The evidence provided led the jury to a quick, unanimous decision convicting Joseph of guilt on all counts. Although I have a feeling of pride in our justice system, my overwhelming feeling at the end of the trial is sadness. Through my work with the Suncoast Campaign for Grade-Level Reading, I know the statistics. Almost 85% of teenagers in the juvenile justice system are functionally illiterate, and 7 out of 10 adult prisoners can’t read above a fourth-grade level.
By third grade, students must make the transition from learning to read to reading to learn. If they do not, they cannot do their coursework. And so, each year as the grade level demands go up, they fall further behind, becoming outsiders inside their classrooms. School becomes an increasing source of frustration, and they drop out.
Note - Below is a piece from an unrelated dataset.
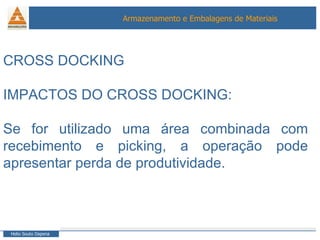 CROSS DOCKING IMPACTOS DO CROSS DOCKING: Se for utilizado uma área combinada com recebimento e picking, a operação pode apresentar perda de produtividade.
Sitting in the courtroom as the verdict was read to Joseph, I felt our work with the Suncoast Campaign for Grade-Level Reading was affirmed. We need to ensure the Josephs of the world have the tools they need to live the lives they desire. All of our children deserve a bright future. It will take our entire community — people, businesses, nonprofits, government, and the media — working together to prevent our children from falling through the cracks.
After the trial, the judge spoke with the members of the jury. He shared with us some of Joseph’s story that was not appropriate for us to know before our deliberations. As I suspected, he was not new to the justice system. In fact, not only were there many prior convictions, but he is also facing at least one more trial on unrelated charges. Joseph, through his incarcerations, is using a great deal of our tax dollars. As the mayor of Philadelphia, Jim Kenney, says, “Our focus needs to be on creating more taxpayers, and less tax takers.”
Reading on grade-level by the end of third grade is an important milestone in creating not only taxpayers but also successful adults and stronger communities.